TimkenSteel (TMST, Financial) is a New York Stock Exchange-traded steel stock taht just hit a new all-time high, and yet it seems to qualify as a value stock. If you thought it was just growth stocks in Silicon Valley that made it to new highs, TimkenSteel is proof that cyclical stocks can still be part of a winning strategy. Lately, value stocks have been on the rise as well.
In business since 1917, the Canton, Ohio-based steel maker is trading with a price-earnings ratio of just 7.21, well below the average price-earnings ratio of the stock market as a whole. In addition, TimkenSteel can purchased relatively cheap, with a price-book ratio of 1.60. The price-sales ratio also suggests value at 0.81, as does the price-to-free-cash-flow ratio at 5.65. The market capitalization is $1.04 billion and the enterprise value is $724.30 million.

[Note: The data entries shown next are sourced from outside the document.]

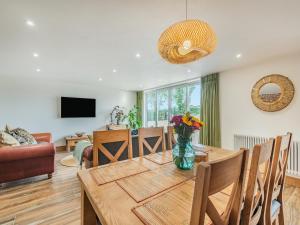 a living room with a dining room table with a vase of flowers at Dragonfly Den - Uk44530 in Horncastle +15 photos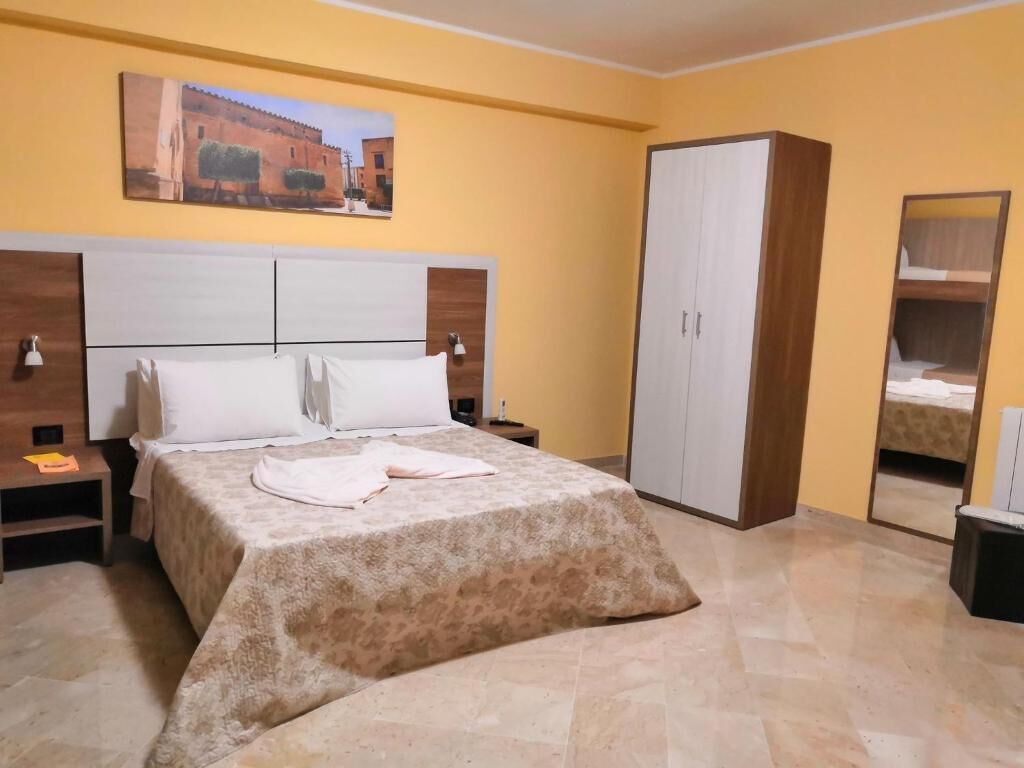 Classic Quadruple Room, Multiple Beds, Non Smoking | Minibar, in-room safe, free WiFi, bed sheets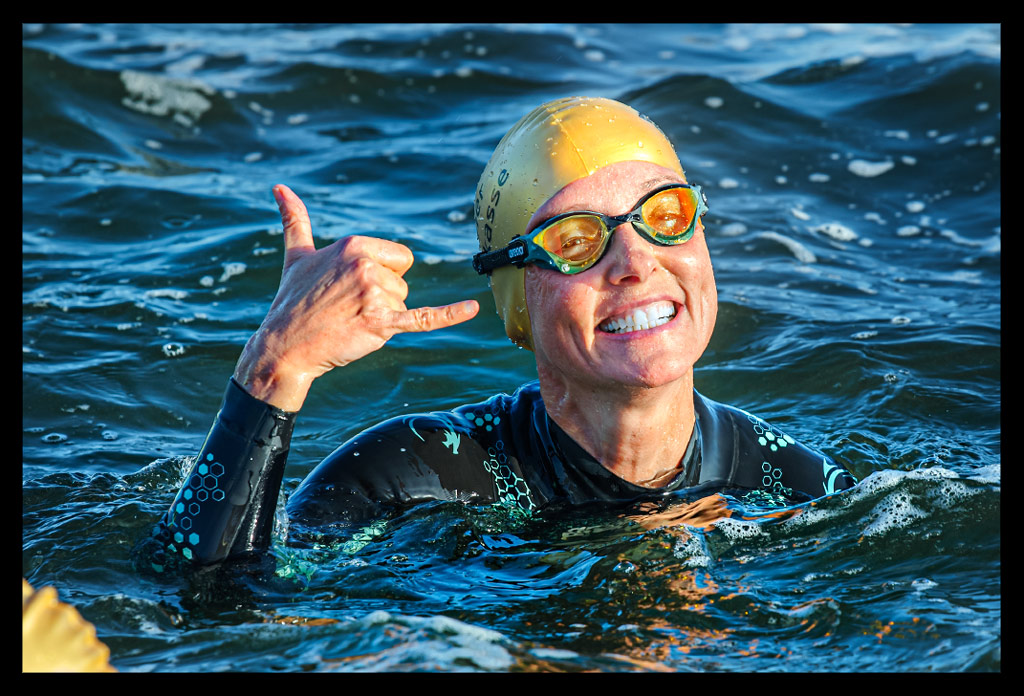 Triathletin Nadin von eiswuerfelimschuh.de lächelnd im Wannsee schwimmend mit und Neoprenanzug an und goldener Jubiläums-Badekappe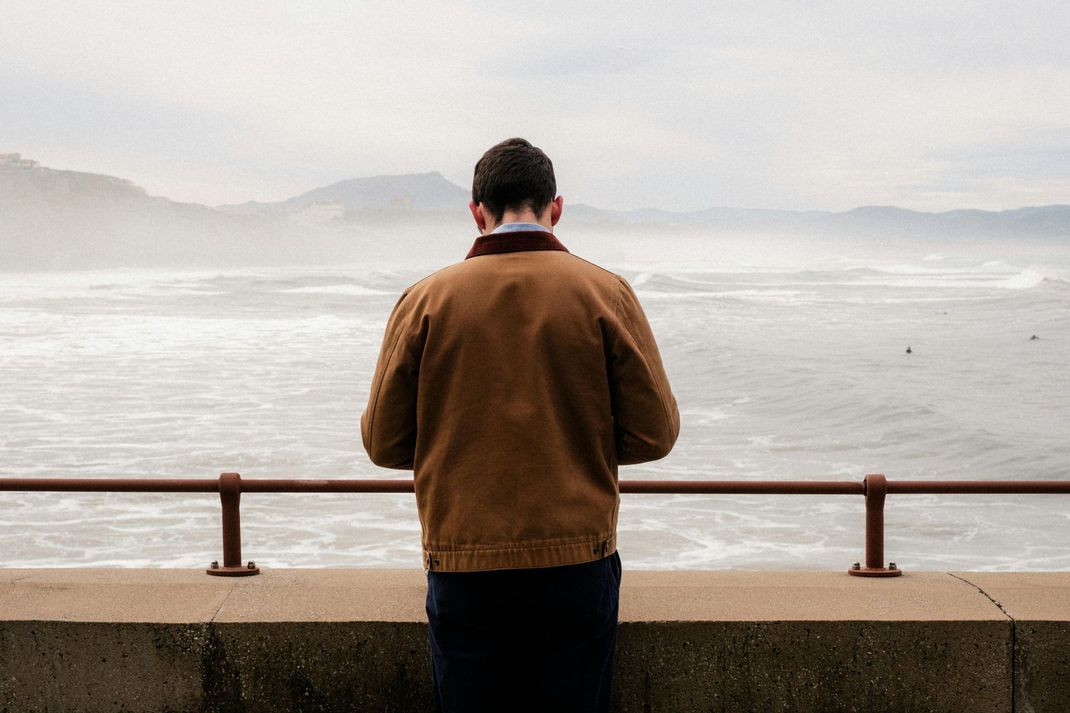 A man in a brown jacket is standing on a wall overlooking the ocean.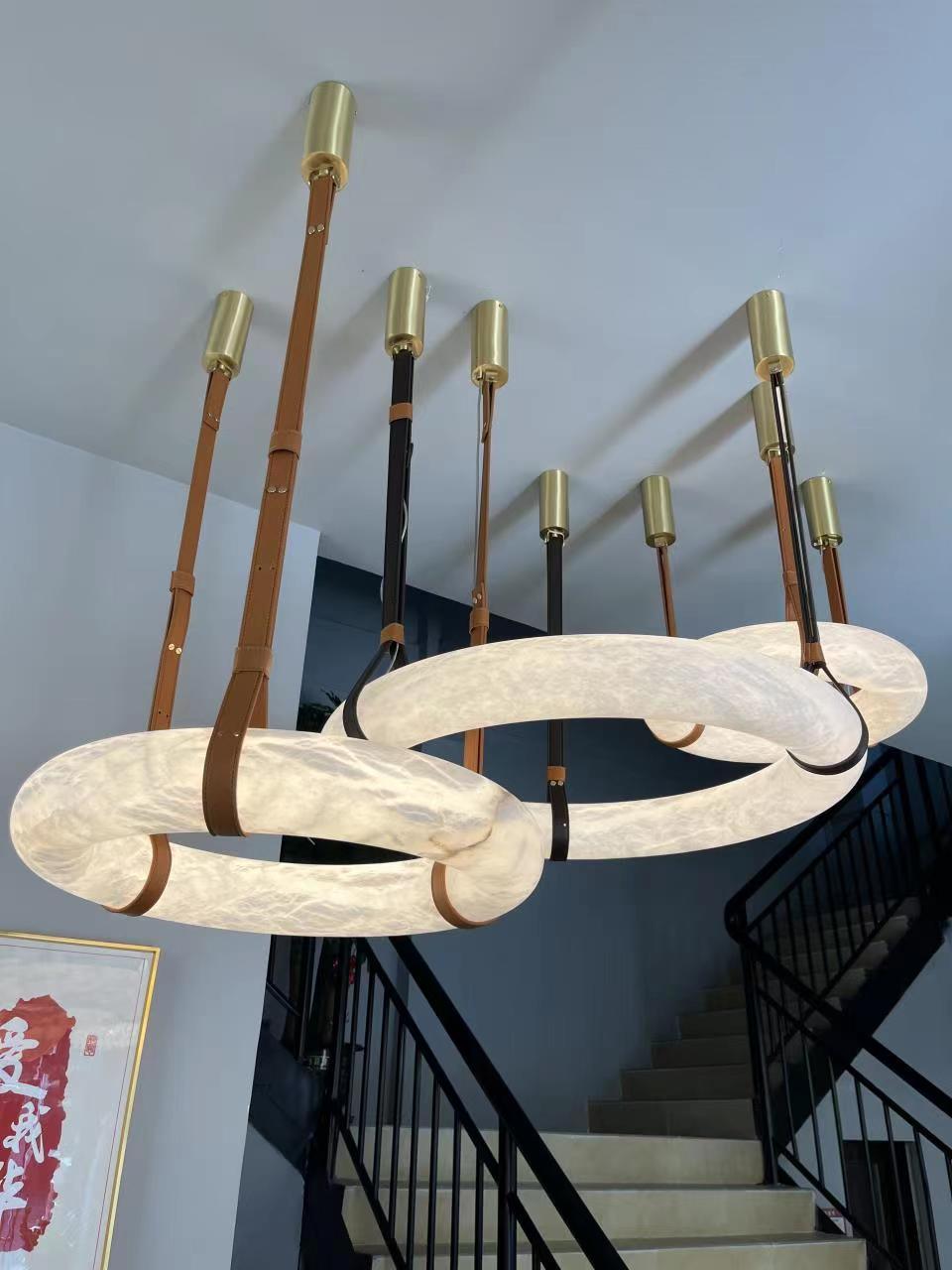Showroom display of ring pendants with separate cylindrical gold ceiling fittings.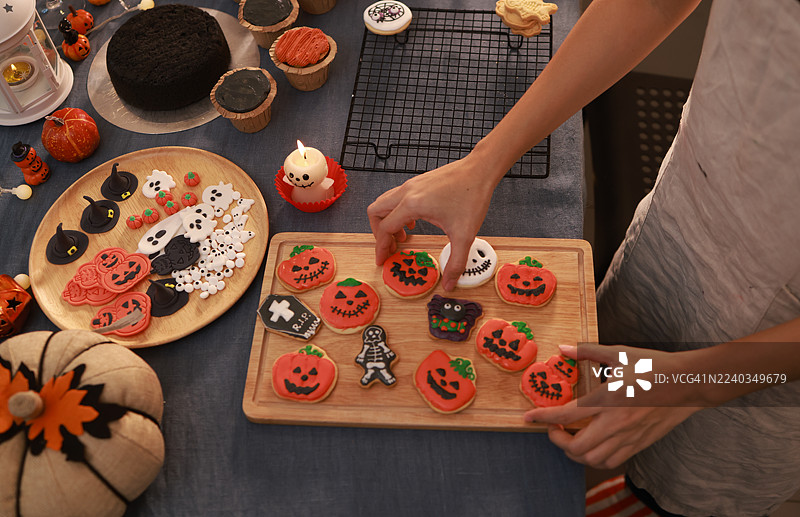 特写一位女性的手，手中拿着装饰成橙色南瓜的万圣节饼干，一位家庭主妇正在为万圣节活动准备蛋糕和饼干。图片素材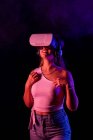 Невпізнавана жінка в гарнітурі VR, що взаємодіє з віртуальною реальністю, стоячи в темній студії з паровим і синім і рожевим неоновим освітленням — стокове фото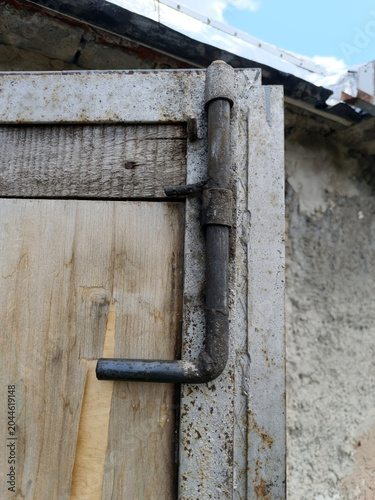 Close-up shot of a rustic, handmade metal slide latch locking a weathered wooden door inside a rusty iron frame. The old latch mechanism shows signs of aging, heavy use, and outdoor elements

The company manufactures alloy steel, including micro-alloy and carbon steel.
The past year's earnings per share were quite good, growing 331.20% year-over-year. Over the past five years, the EPS growth rate is a solid 27.20%.
It’s not expected that this year’s extraordinary results will continue, according to Wall Street analysts. The short float is high at 13.63%; should those shorts be forced to cover, that could fuel a decent rally.
TimkenSteel has no long-term debt. The current ratio is 2.30. The company does not pay a dividend.
The stock price this year has moved from $15 in January to this week’s new high of $22.50 – that’s a significant gain in a very short period of time. Here’s how the TimkenSteel daily price chart looks:
The GuruFocus summary of financials for TimkenSteel finds three good signs, four medium warning signs and one severe warning sign:
This week’s new high indicates how much TimkenSteel investors approve of the company’s recent performance and the potential for future growth as the steel market remains hot.